### DATA SHOWN
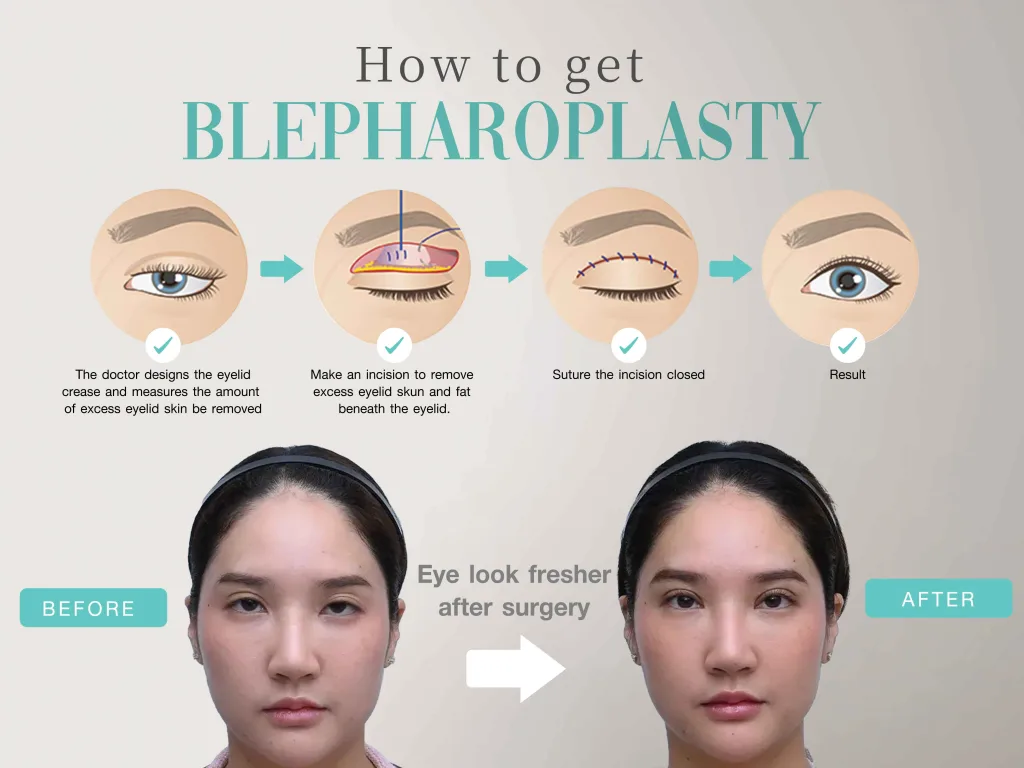Operative Preparation for Blepharoplasty to Correct Ptosis:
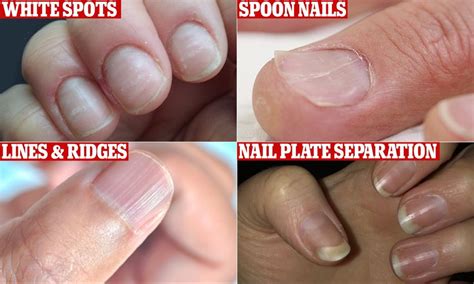 Troubleshooting Common Nail Clipping Issues: Expert Solutions for Nail Care Problems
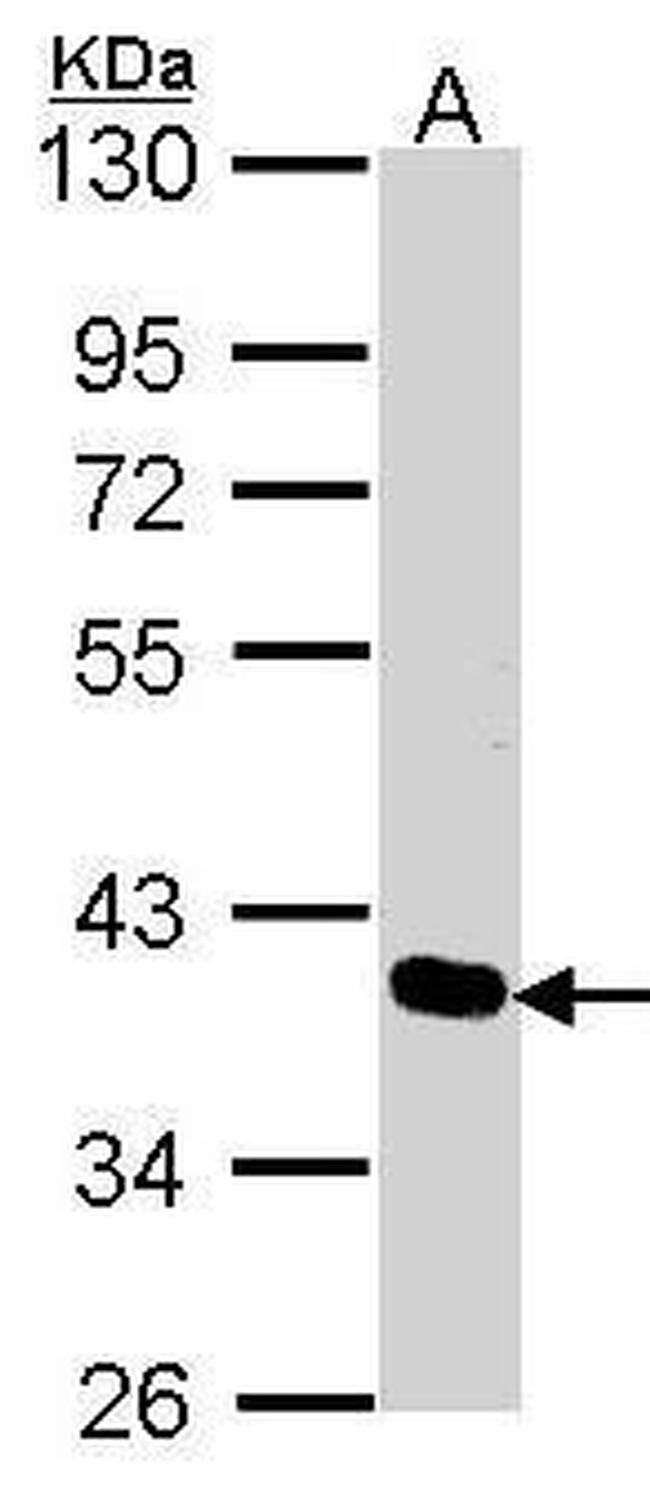 PDLIM4 Antibody in Western Blot (WB)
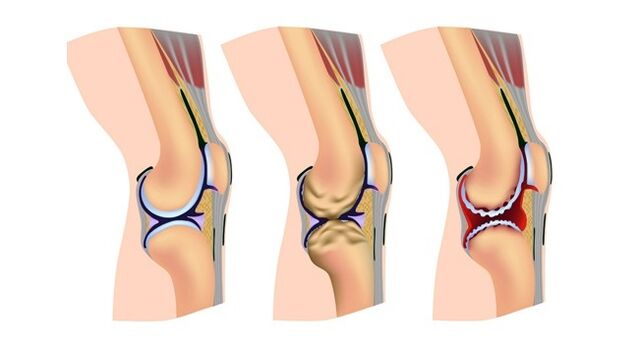 stadia artrózy kolenního kloubu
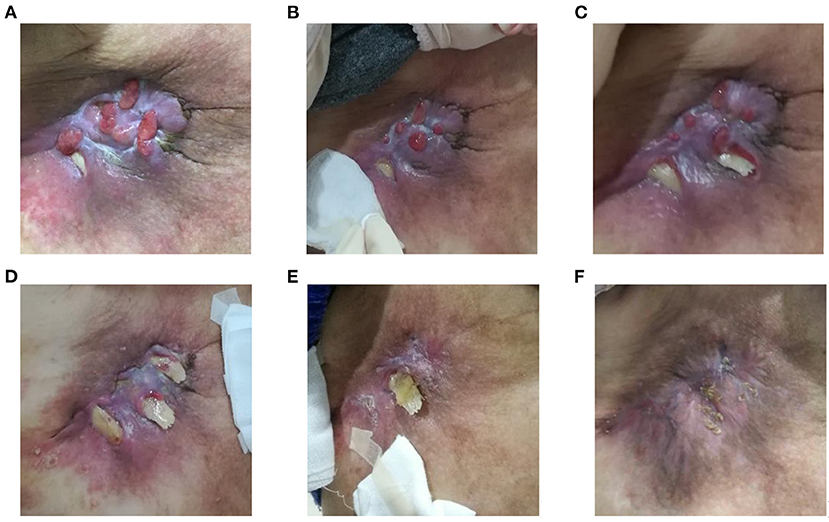 Ulceration of Breast's Skin due to Topical Corticosteroid Abuse - Open  Access Pub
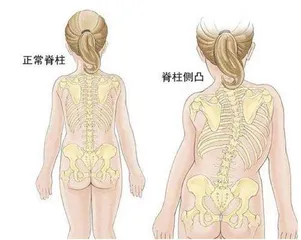 影响颜值跷⼆郎腿真的会导致“脸⼤”?5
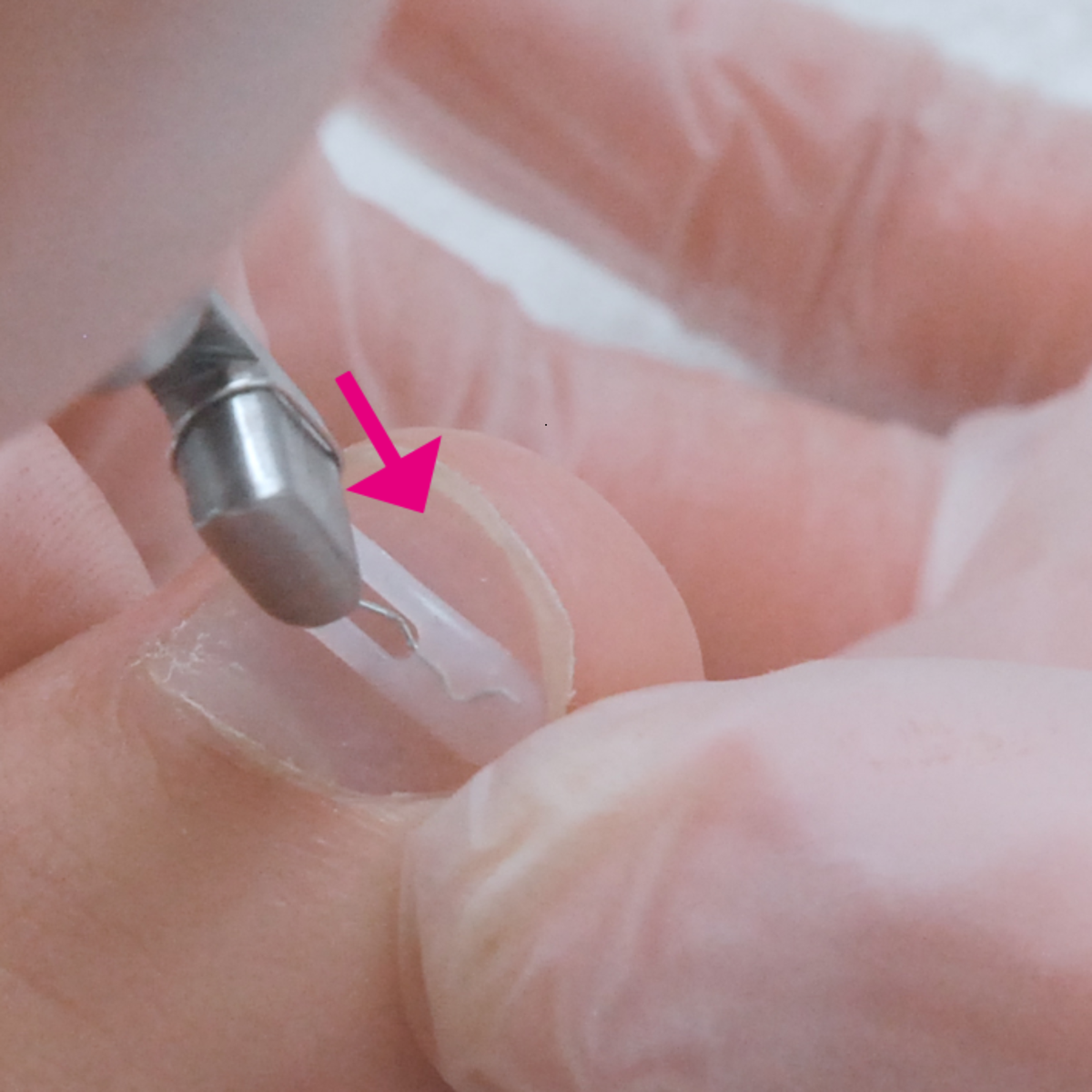 Languettes d’orthonyxie pour ongles incarnés et déformés - Différentes tailles - Podofix - My Médical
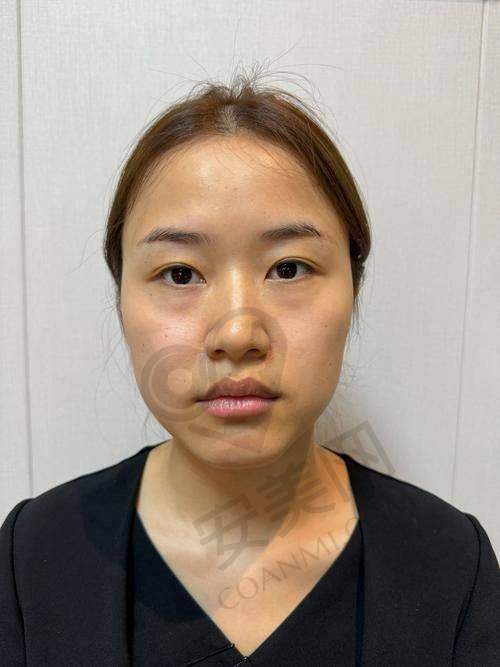西安画美在玻尿酸注射领域的地位如何？
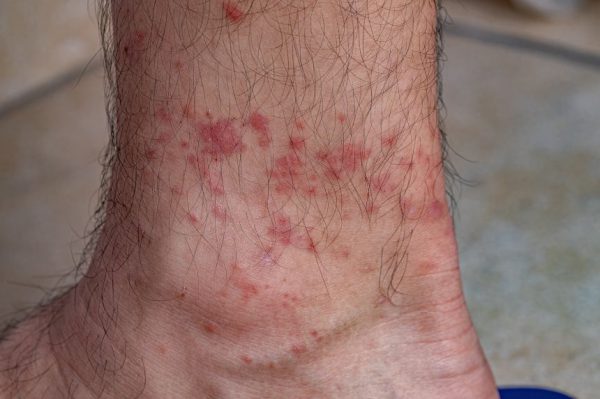 В Нью-Джерси зафиксирована первая смерть мужчины от аллергии на мясо, вызванной укусами клещей.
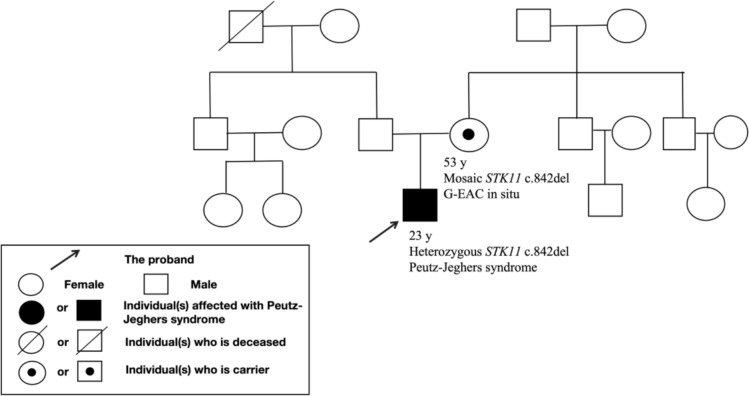Gastric-type endocervical adenocarcinoma in situ as the presenting feature in a mosaic STK11 pathogenic variant carrier with a Peutz-Jeghers syndrome child.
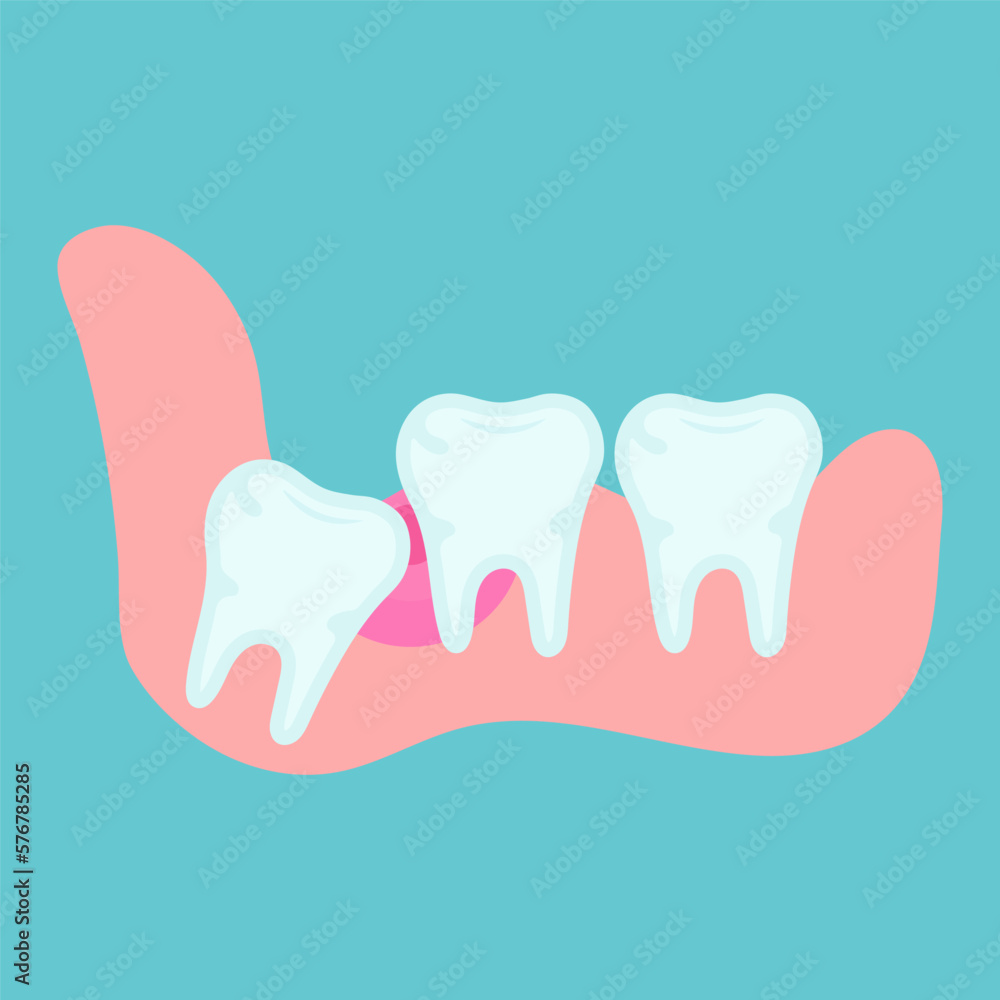 Impacted wisdom tooth. Wisdom tooth moving. Wisdom tooth under the gum. Toothache. Dental or orthodontical concept. Vector Impacted wisdom tooth. Wisdom tooth moving. Wisdom tooth under the gum. Toothache. Dental or orthodontical concept. Vector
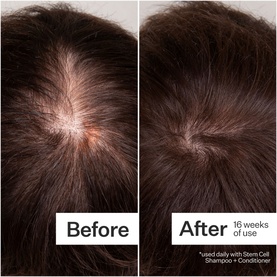 Stem Cell Peptide Scalp Treatment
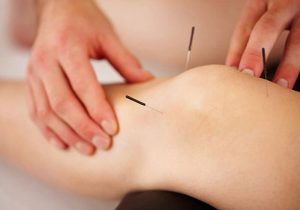 طب سوزنی در کرج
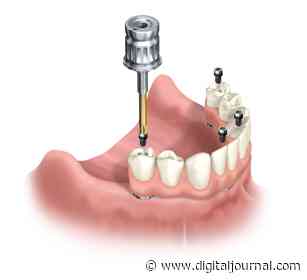 Bexley Dentist Advises Patients To Seek Dental Implants - Digital Journal
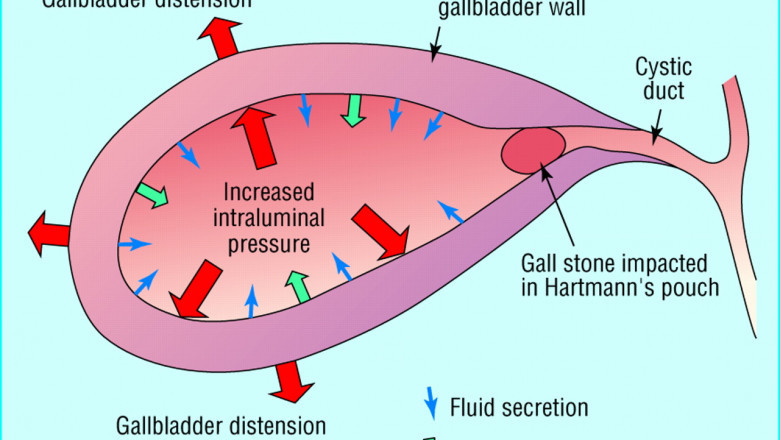 Acute cholecystitis Market 2021 - Business Strategies, Product Sales and Growth Rate, Assessment to 2028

### WHAT YOU NEED TO DO
Repeat the listing word for word, but without its pictures.

### ANSWER TO THIS PROBLEM
Operative Preparation for Blepharoplasty to Correct Ptosis:
 Troubleshooting Common Nail Clipping Issues: Expert Solutions for Nail Care Problems
 PDLIM4 Antibody in Western Blot (WB)
 stadia artrózy kolenního kloubu
 Ulceration of Breast's Skin due to Topical Corticosteroid Abuse - Open  Access Pub
 影响颜值跷⼆郎腿真的会导致“脸⼤”?5
 Languettes d’orthonyxie pour ongles incarnés et déformés - Différentes tailles - Podofix - My Médical
西安画美在玻尿酸注射领域的地位如何？
 В Нью-Джерси зафиксирована первая смерть мужчины от аллергии на мясо, вызванной укусами клещей.
Gastric-type endocervical adenocarcinoma in situ as the presenting feature in a mosaic STK11 pathogenic variant carrier with a Peutz-Jeghers syndrome child.
 Impacted wisdom tooth. Wisdom tooth moving. Wisdom tooth under the gum. Toothache. Dental or orthodontical concept. Vector Impacted wisdom tooth. Wisdom tooth moving. Wisdom tooth under the gum. Toothache. Dental or orthodontical concept. Vector
 Stem Cell Peptide Scalp Treatment
 طب سوزنی در کرج
 Bexley Dentist Advises Patients To Seek Dental Implants - Digital Journal
 Acute cholecystitis Market 2021 - Business Strategies, Product Sales and Growth Rate, Assessment to 2028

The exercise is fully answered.